Holy Saturday: 'Make Sure He's Dead'
For many this is as true today as it was on the first Holy Saturday
Just as the Chief Priests and Pharisees gathered with Pilate to plan on keeping the tomb sealed and guarded with Christ inside, many today want to place a stone in the entrance of the Church, to keep him inside again. On Holy Saturday we remember that no matter how hard the world tries to keep Christ hidden, He bursts forth in resurrection glory through His Church.
I thought about that statement a lot after the service. It was not only the reason for the pierce of a lance but the tomb sealed and guarded.
The lance made sure that he was dead physically, as blood and water flowed from our savior's side; but he needed to remain dead in influence as well. The tomb was being closely watched that no one would steal the body and spread the rumor of a resurrection.
On Holy Saturday the world-without-Jesus thought it could now go back to life as normal. After three years of combating the ministry and miracles of this carpenter from Galilee, they could now return to a life they have defined for themselves. The Romans had taken care of a threat to Caesar's influence; the Sanhedrin has rid themselves of a threat to theirs.
Holy Saturday is the part of the Triduum that is observed mostly by an absence of attention. To those of us who believe, it is reminds us of the hopelessness that would permanently have inhabited the world, had not the savior risen from the dead.
On the first Holy Saturday, the Jews maintained their custom. In Scripture, Luke simply states, "On the Sabbath they rested according to the commandment." (Luke 23:56b)
For the Romans, this was simply another day of activity. The streets of Jerusalem were quiet, as would be normally found, since it was the Sabbath. At the tomb, soldiers maintained their vigil near the stone with a Roman seal that blocked the entrance to the place where Jesus lay.
Their instructions were clear, anyone who attempted to take the body would be stopped at all costs.
It would seem that this is the world as many today would like it to be. Everyone simply going about their business in their own way, following whatever custom and tradition they personally embrace while the body of Christ remains buried.
They want Him to remain in the tomb where He can't do anything to mess up their way of life. They want Him silent and hidden. It makes their life easier; they can stay in control and not worry about such burdensome things as sin, righteousness and judgment.

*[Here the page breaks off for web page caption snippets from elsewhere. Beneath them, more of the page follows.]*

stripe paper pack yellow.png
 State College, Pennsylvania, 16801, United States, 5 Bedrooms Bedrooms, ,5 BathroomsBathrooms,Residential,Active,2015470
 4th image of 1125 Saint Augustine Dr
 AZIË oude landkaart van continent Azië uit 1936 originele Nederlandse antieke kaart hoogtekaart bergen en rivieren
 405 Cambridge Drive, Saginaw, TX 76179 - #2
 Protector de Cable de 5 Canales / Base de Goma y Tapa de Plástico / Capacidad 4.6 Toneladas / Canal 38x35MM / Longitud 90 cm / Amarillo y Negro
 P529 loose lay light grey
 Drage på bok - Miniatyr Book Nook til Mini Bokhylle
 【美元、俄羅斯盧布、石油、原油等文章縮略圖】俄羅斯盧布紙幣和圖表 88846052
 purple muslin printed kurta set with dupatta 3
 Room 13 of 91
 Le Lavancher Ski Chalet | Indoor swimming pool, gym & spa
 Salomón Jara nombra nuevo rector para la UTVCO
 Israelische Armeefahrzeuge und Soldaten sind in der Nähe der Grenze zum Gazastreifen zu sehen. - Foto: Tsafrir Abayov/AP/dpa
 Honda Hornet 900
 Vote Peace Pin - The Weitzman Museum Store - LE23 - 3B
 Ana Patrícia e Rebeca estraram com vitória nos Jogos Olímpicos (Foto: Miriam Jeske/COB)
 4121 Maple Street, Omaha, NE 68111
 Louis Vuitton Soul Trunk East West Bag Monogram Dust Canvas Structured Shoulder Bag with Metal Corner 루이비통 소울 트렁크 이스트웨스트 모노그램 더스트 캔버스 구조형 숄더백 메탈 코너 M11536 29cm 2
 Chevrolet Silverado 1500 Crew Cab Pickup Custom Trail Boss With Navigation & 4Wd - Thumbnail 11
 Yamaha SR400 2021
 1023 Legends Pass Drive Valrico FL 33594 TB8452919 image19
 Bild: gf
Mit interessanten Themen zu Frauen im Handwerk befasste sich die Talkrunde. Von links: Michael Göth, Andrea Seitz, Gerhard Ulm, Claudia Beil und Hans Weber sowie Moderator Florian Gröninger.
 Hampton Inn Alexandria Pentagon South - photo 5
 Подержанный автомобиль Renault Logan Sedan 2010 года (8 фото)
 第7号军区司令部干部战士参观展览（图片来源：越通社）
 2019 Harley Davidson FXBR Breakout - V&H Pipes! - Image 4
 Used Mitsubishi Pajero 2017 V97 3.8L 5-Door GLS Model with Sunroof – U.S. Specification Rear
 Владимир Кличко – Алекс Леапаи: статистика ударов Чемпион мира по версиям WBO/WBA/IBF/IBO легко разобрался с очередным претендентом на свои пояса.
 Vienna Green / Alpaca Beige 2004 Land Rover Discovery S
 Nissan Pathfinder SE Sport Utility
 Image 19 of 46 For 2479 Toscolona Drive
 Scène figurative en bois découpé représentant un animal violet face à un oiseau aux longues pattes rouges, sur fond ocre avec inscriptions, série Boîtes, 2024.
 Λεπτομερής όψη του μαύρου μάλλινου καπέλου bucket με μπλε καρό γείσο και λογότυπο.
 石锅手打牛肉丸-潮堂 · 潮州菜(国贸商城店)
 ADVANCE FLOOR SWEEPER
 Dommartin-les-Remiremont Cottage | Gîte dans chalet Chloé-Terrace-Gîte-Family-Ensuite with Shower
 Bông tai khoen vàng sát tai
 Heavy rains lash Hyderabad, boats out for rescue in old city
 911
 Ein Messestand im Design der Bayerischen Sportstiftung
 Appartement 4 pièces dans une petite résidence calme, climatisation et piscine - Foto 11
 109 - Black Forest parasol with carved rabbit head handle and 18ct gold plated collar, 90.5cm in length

The Congregation for the Divine Liturgy and the Discipline of the Sacraments, in their Directory on Popular Piety and the Liturgy, states
"146. On Holy Saturday, the Church pauses at the Lord's tomb, meditating his Passion and Death, his descent into Hell, and, with prayer and fasting, awaits his resurrection
"Popular piety should not be impervious to the peculiar character of Holy Saturday. The festive customs and practices connected with this day, on which the celebration of the Lord's resurrection was once anticipated, should be reserved for the vigil and for Easter Sunday.
"The 'Ora della Madre'
"147. According to tradition, the entire body of the Church is represented in Mary: she is the "credentium collectio universa"(152). Thus, the Blessed Virgin Mary, as she waits near the Lord's tomb, as she is represented in Christian tradition, is an icon of the Virgin Church keeping vigil at the tomb of her Spouse while awaiting the celebration of his resurrection.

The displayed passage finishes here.